--- Entries provided Enclosed Below ---
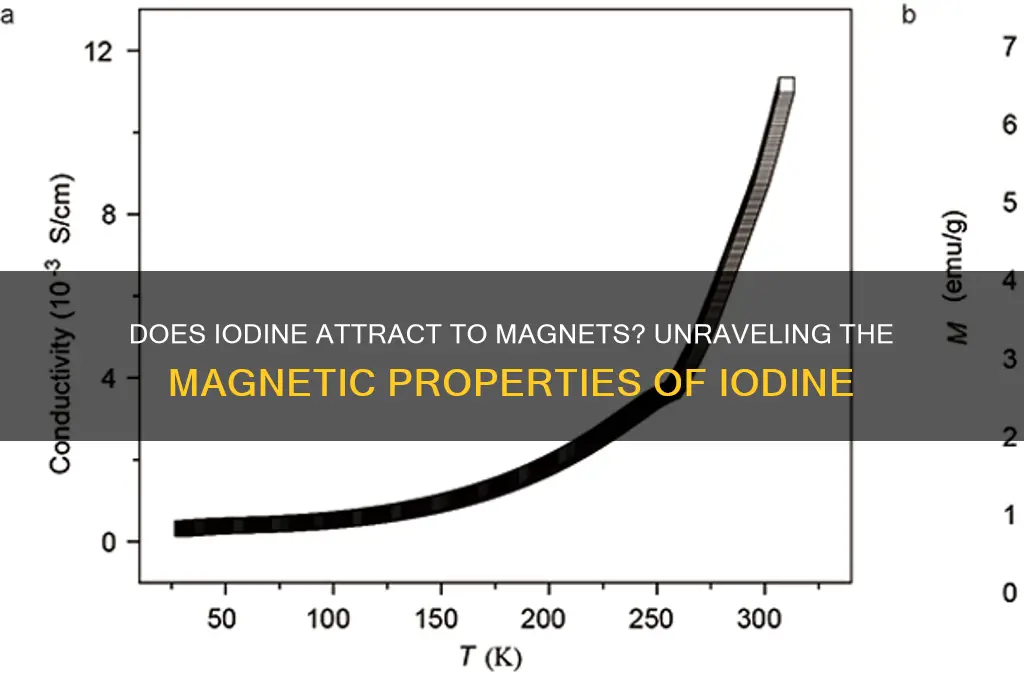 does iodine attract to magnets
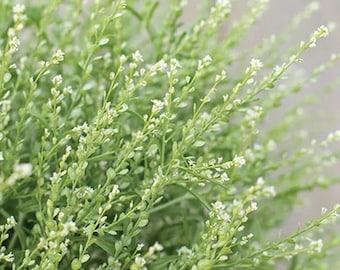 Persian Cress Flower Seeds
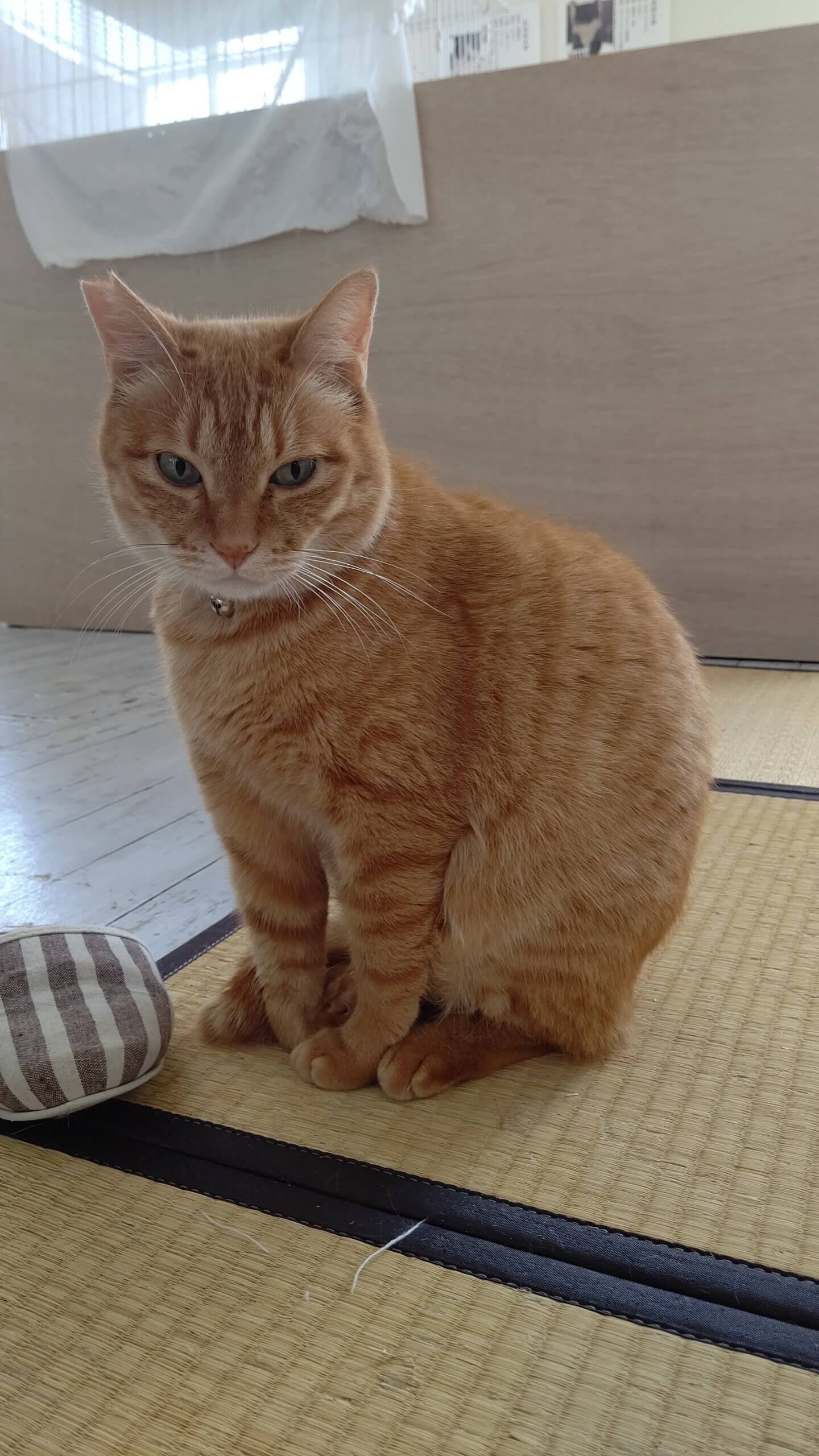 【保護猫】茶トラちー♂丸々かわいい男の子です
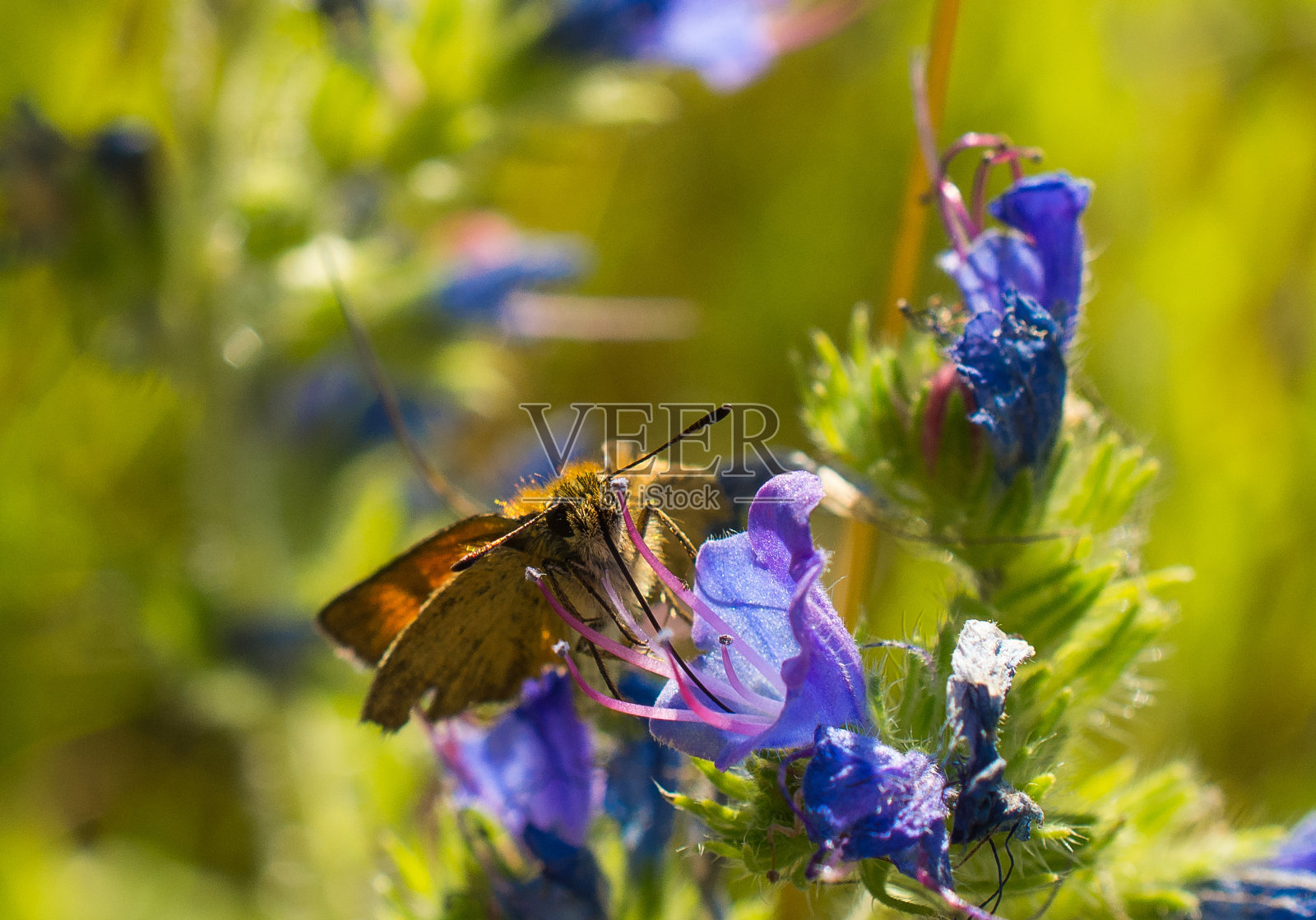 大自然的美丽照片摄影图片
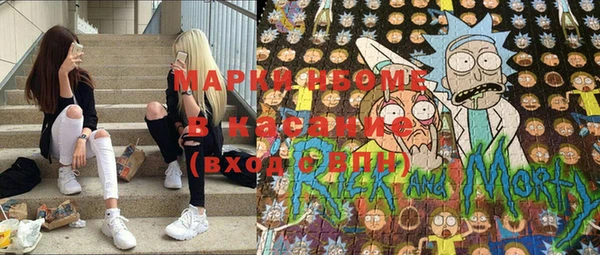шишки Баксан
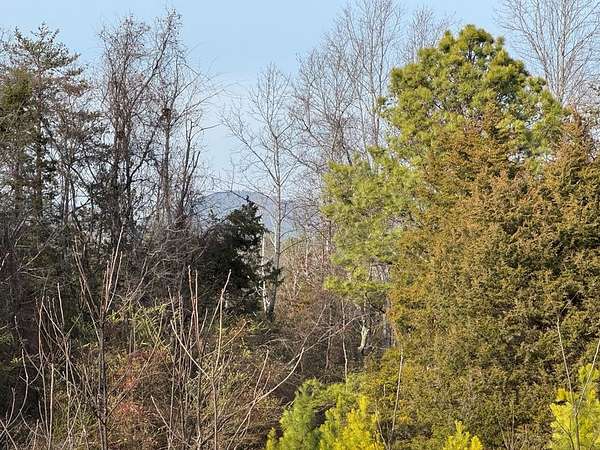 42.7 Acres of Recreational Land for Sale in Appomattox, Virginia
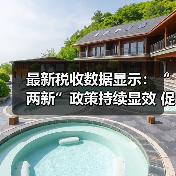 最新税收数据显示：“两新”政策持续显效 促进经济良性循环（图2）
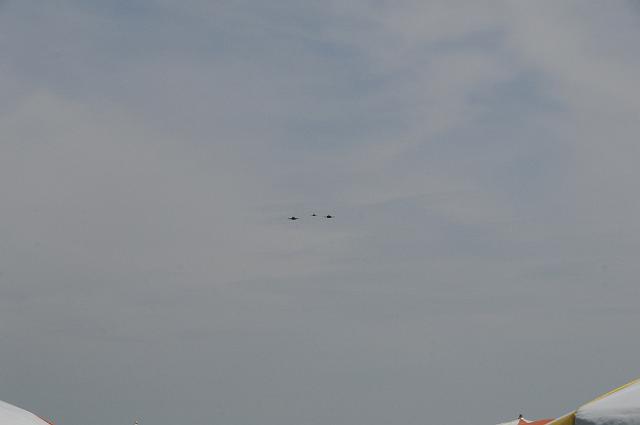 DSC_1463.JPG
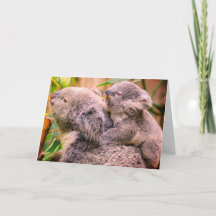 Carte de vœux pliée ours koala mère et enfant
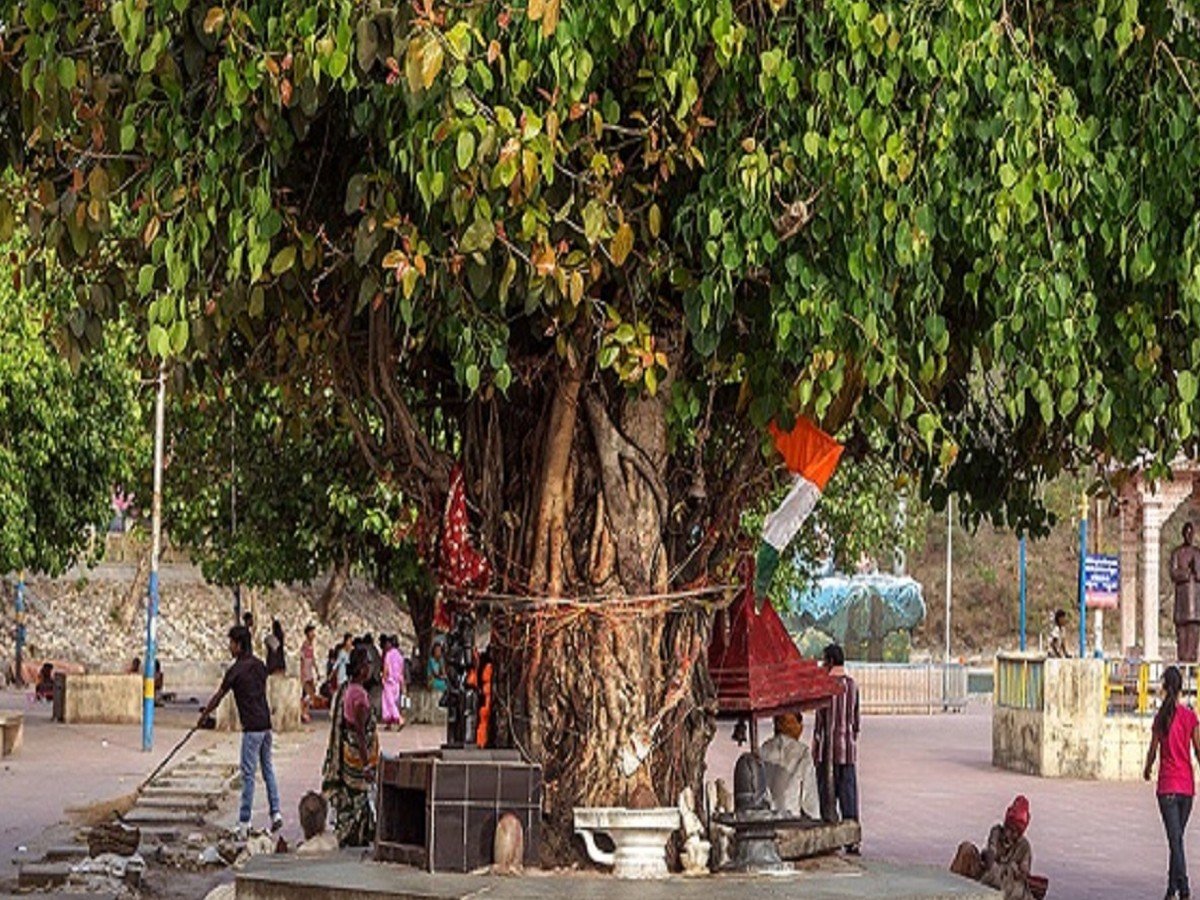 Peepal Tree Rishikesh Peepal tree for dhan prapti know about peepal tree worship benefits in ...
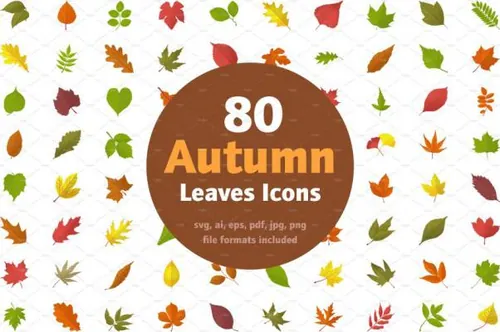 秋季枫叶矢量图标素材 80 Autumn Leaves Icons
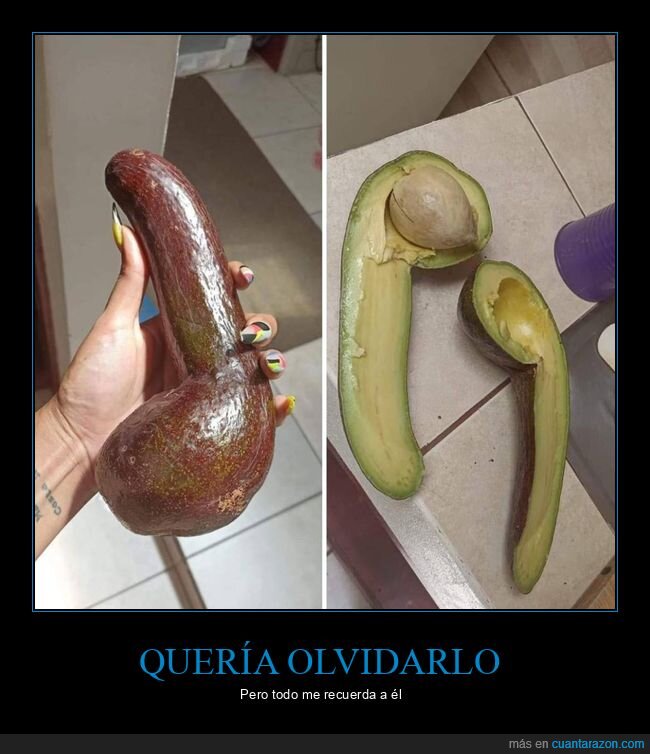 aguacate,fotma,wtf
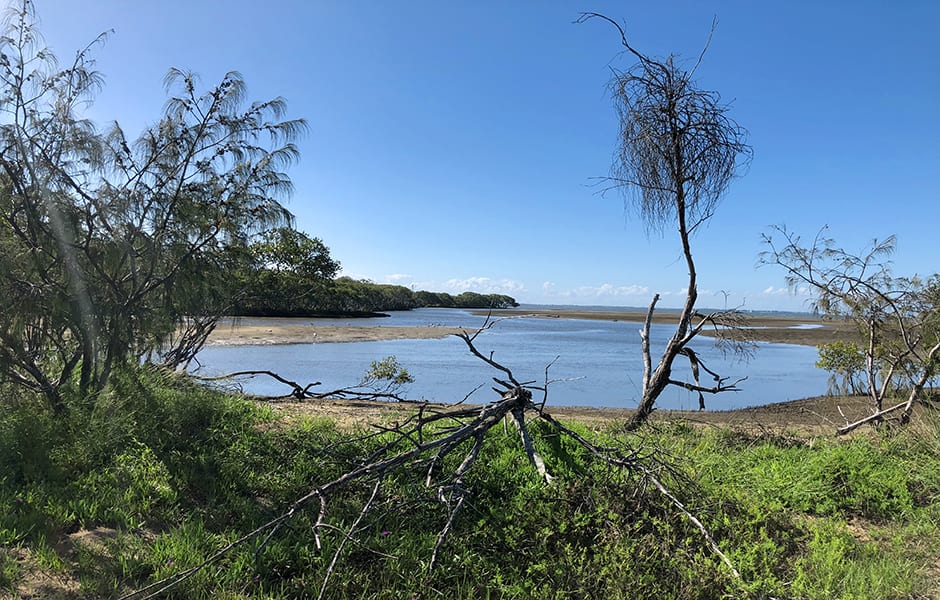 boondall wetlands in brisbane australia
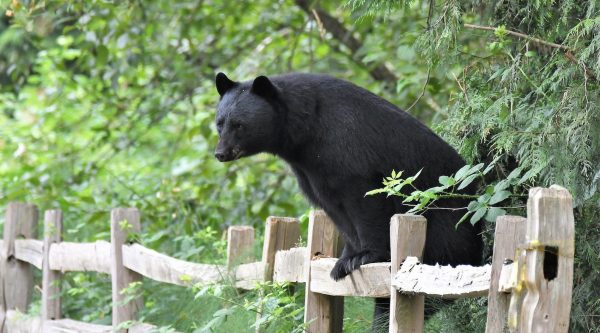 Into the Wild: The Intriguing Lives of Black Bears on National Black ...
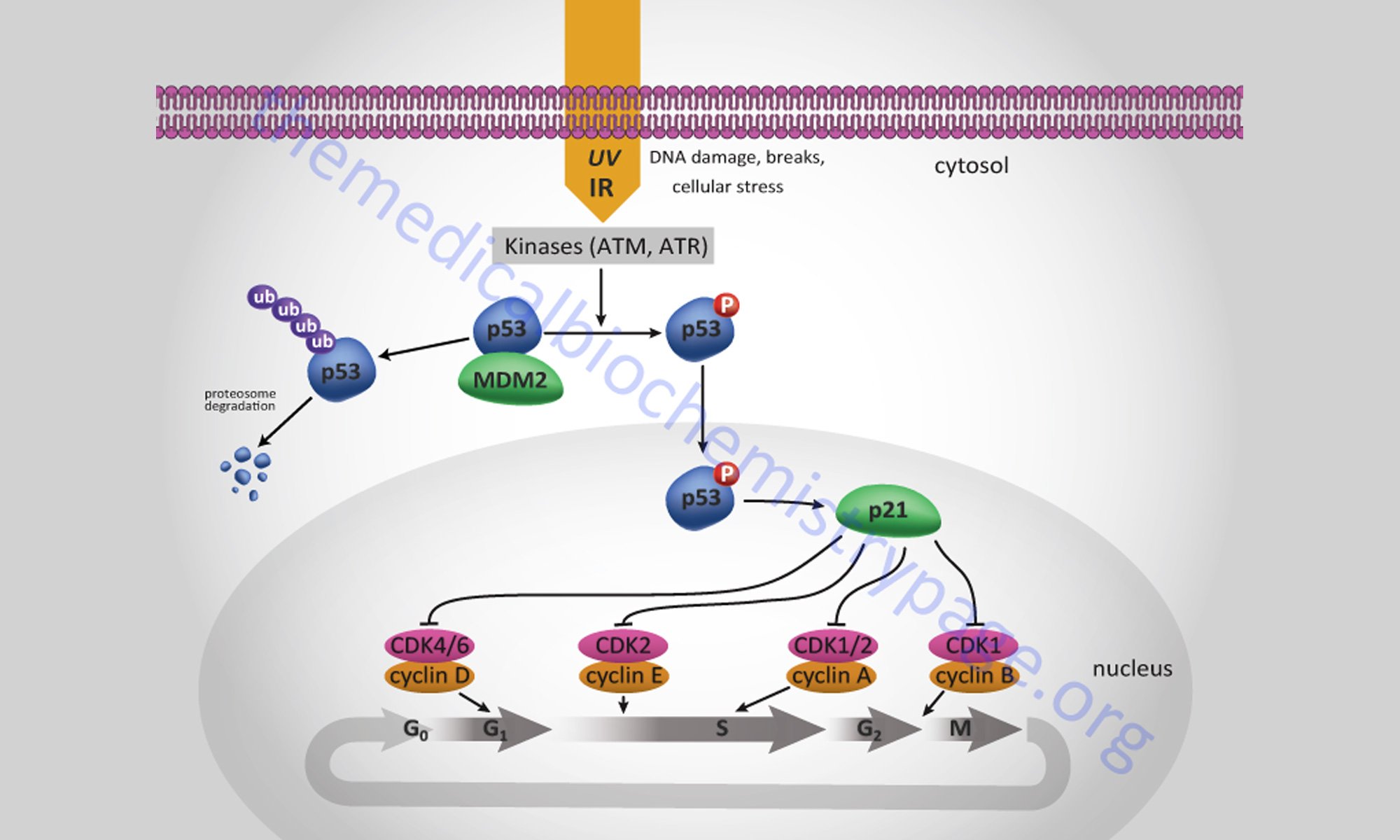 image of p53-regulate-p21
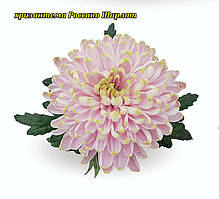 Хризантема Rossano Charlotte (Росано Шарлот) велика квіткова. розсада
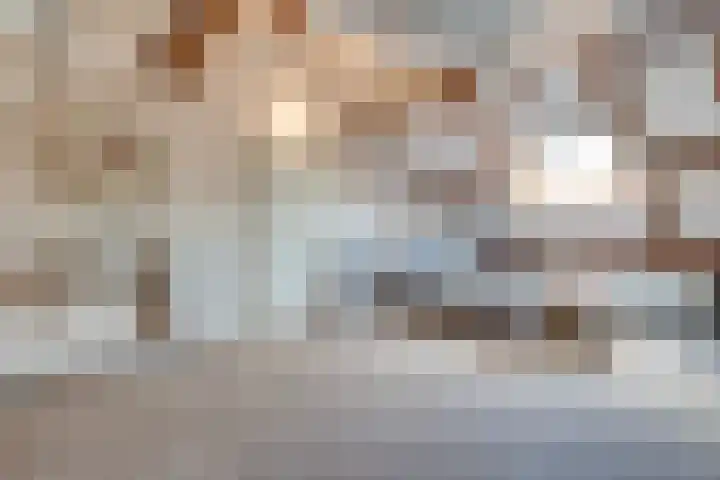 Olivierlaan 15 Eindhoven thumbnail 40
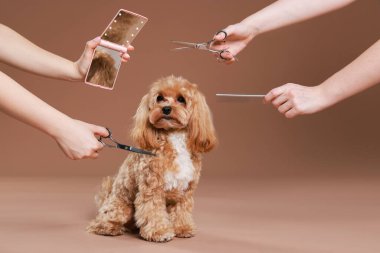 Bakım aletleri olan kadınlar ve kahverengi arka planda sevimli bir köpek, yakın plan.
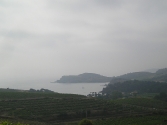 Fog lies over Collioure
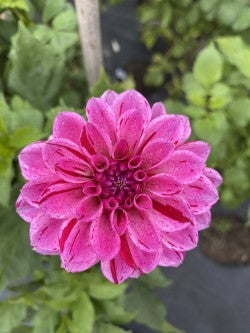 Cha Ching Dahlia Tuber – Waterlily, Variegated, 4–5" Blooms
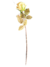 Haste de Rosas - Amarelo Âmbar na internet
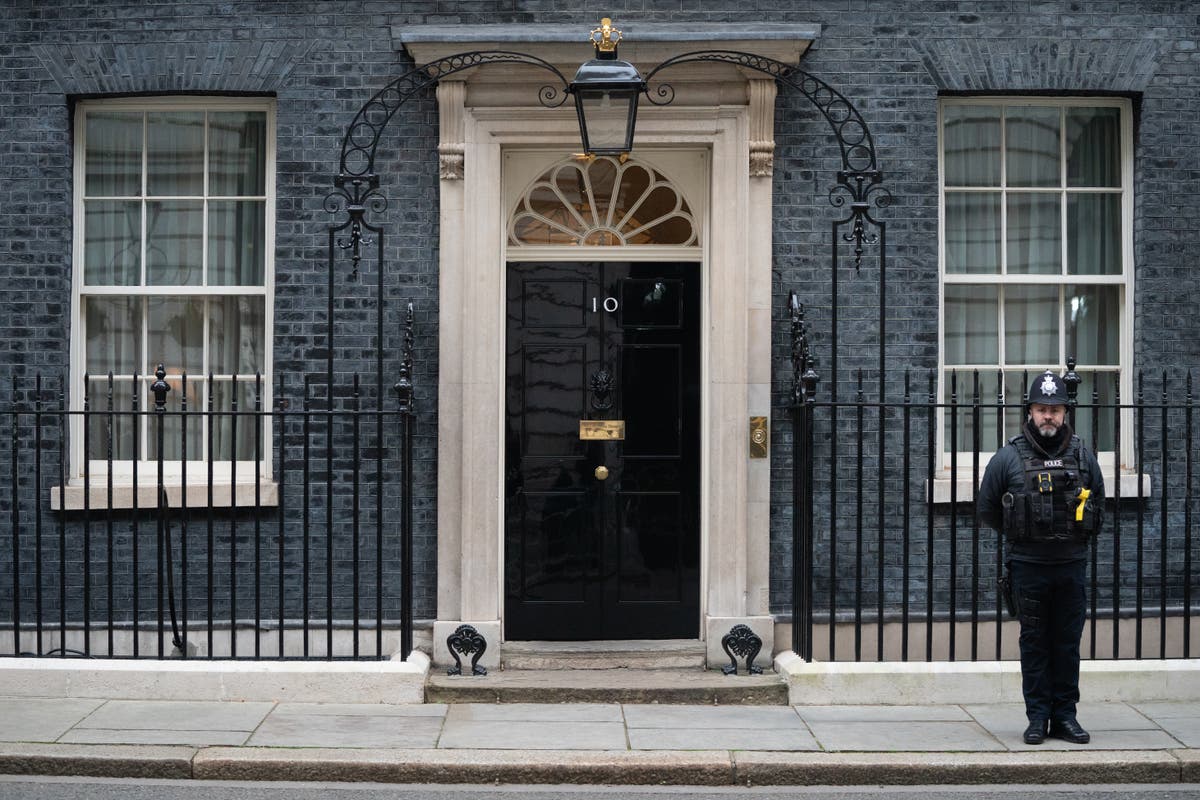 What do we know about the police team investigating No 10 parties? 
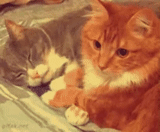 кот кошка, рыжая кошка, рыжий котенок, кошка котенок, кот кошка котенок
--- End of Enclosed Entries provided ---
• _Problem description_:
The listing above must be restated word for word. Its pictures are to be left out.

• _Result_:
 does iodine attract to magnets
 Persian Cress Flower Seeds
 【保護猫】茶トラちー♂丸々かわいい男の子です
 大自然的美丽照片摄影图片
шишки Баксан
 42.7 Acres of Recreational Land for Sale in Appomattox, Virginia
 最新税收数据显示：“两新”政策持续显效 促进经济良性循环（图2）
 DSC_1463.JPG
 Carte de vœux pliée ours koala mère et enfant
 Peepal Tree Rishikesh Peepal tree for dhan prapti know about peepal tree worship benefits in ...
 秋季枫叶矢量图标素材 80 Autumn Leaves Icons
 aguacate,fotma,wtf
 boondall wetlands in brisbane australia
 Into the Wild: The Intriguing Lives of Black Bears on National Black ...
 image of p53-regulate-p21
 Хризантема Rossano Charlotte (Росано Шарлот) велика квіткова. розсада
 Olivierlaan 15 Eindhoven thumbnail 40
 Bakım aletleri olan kadınlar ve kahverengi arka planda sevimli bir köpek, yakın plan.
 Fog lies over Collioure
 Cha Ching Dahlia Tuber – Waterlily, Variegated, 4–5" Blooms
 Haste de Rosas - Amarelo Âmbar na internet
 What do we know about the police team investigating No 10 parties? 
 кот кошка, рыжая кошка, рыжий котенок, кошка котенок, кот кошка котенок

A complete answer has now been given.